What the exercise asks -
Would you print, word for word, only the lines running from the line with "Canape d’angle soderhamn" to the last line of the entries, without the pictures?

Records supplied Block Start

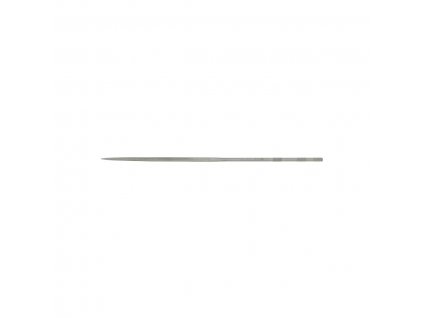 Jehlový pilník oválový 5,7 × 2,3 mm , sek 0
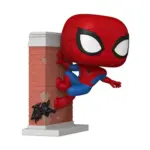 Funko Pop! Premium Super Heroes: Marvel – Spider-Man Leaning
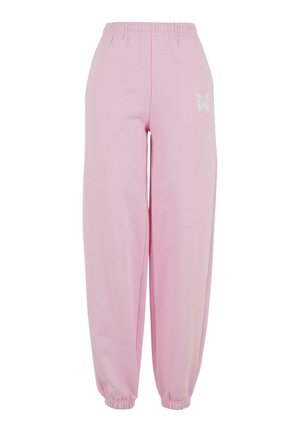 Mister Tee Jogginghose - softpink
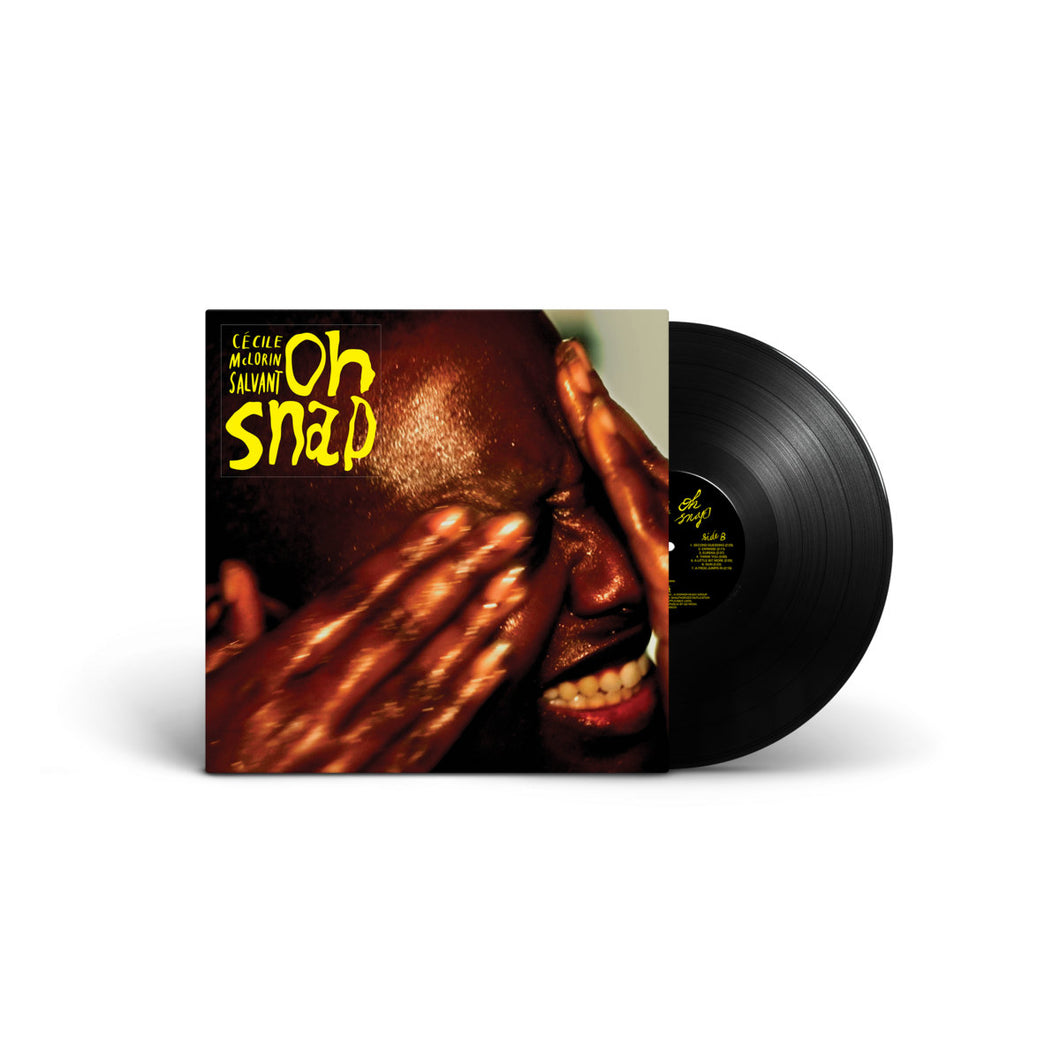 Cecile McLorin Salvant - Oh Snap (Vinyle neuf/New LP)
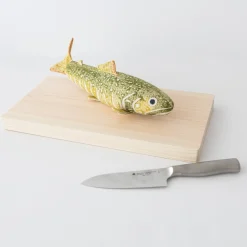 Hinoki Cutting Board [Hc-3002]
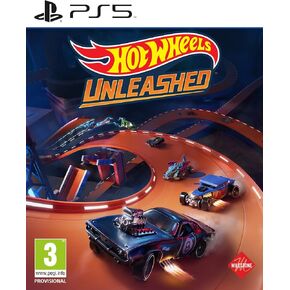 Hot Wheels Unleashed (PS5)
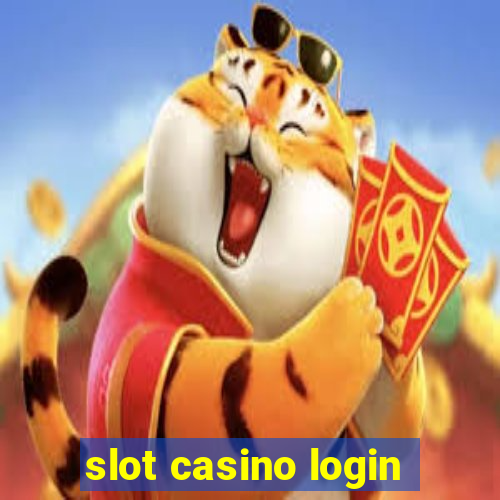 slot casino login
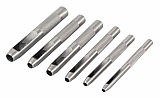 MIT 6586 6-pc. Hollow Punch Set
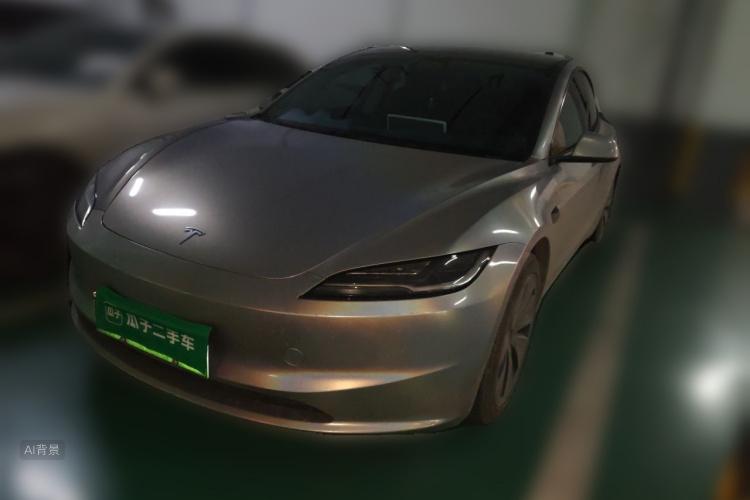 Tesla Model 3 2025 #2 Tesla Model 3 2025 car image #2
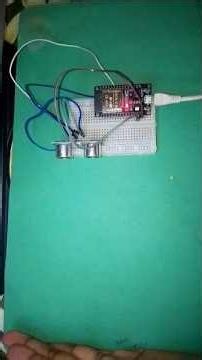 esp32 + AI = ghar ki smart security 😱🔥 #shorts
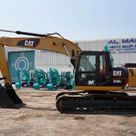 CAT 323D3 Crawler Excavator 2020 | Al Marwan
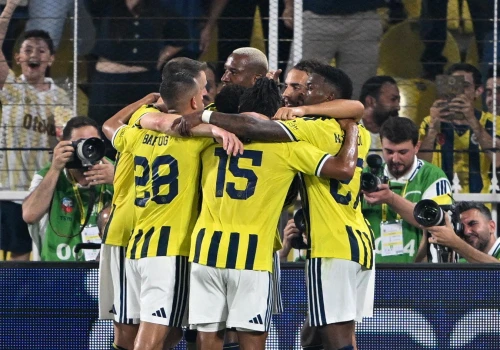 Gasparik: Na początku byliśmy nawet groźniejsi niż Fenerbahce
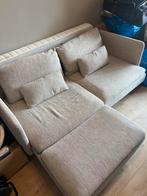 Canape d’angle soderhamn avec meridienne, Huis en Inrichting, Zetels | Zetels en Chaises Longues, Ophalen, Zo goed als nieuw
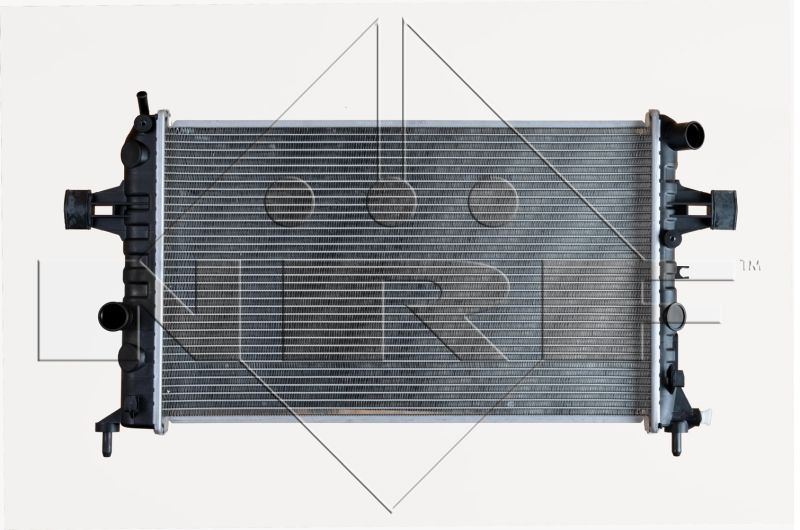 NRF 54668 Radiator, engine cooling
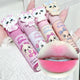 Peach Pink Waterproof Lip Gloss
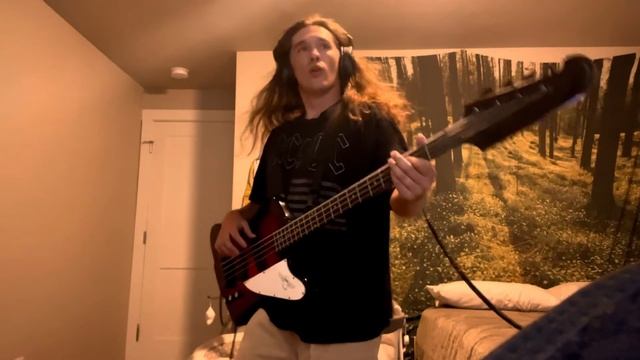 Mac Saturn - Persian Rugs (Bass Cover) смотреть онлайн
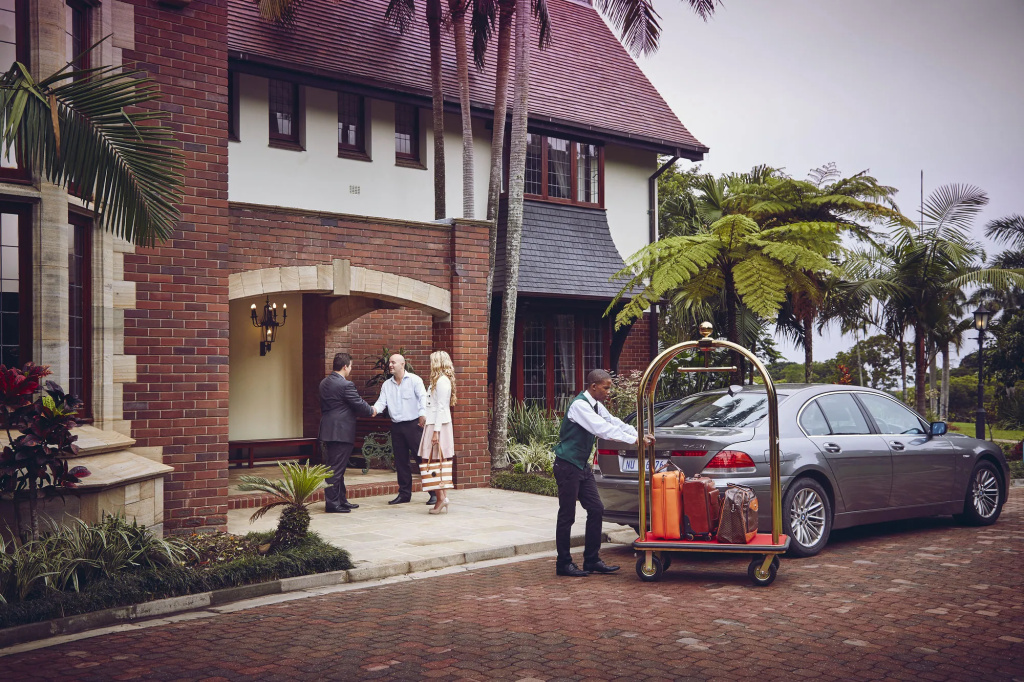 Selborne Golf Estate, Hotel & Spa - Général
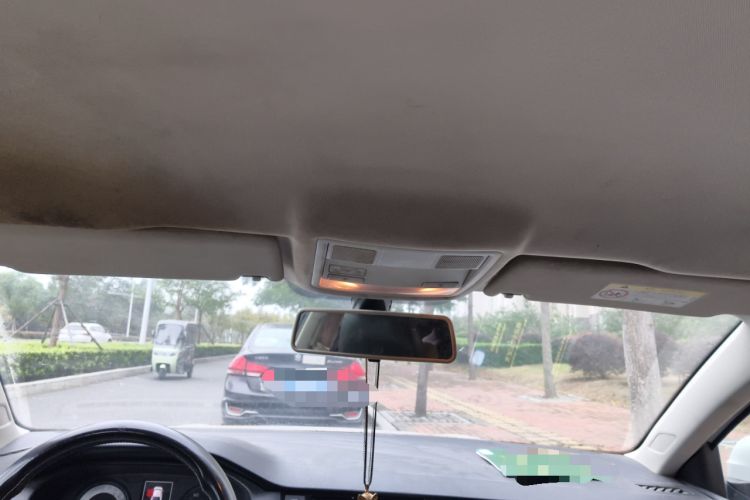 Used Volkswagen Lavida Pure Electric 2019 Low-Trim Version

Records supplied Block End

Worked solution -
 Canape d’angle soderhamn avec meridienne, Huis en Inrichting, Zetels | Zetels en Chaises Longues, Ophalen, Zo goed als nieuw
 NRF 54668 Radiator, engine cooling
 Peach Pink Waterproof Lip Gloss
 Mac Saturn - Persian Rugs (Bass Cover) смотреть онлайн
 Selborne Golf Estate, Hotel & Spa - Général
 Used Volkswagen Lavida Pure Electric 2019 Low-Trim Version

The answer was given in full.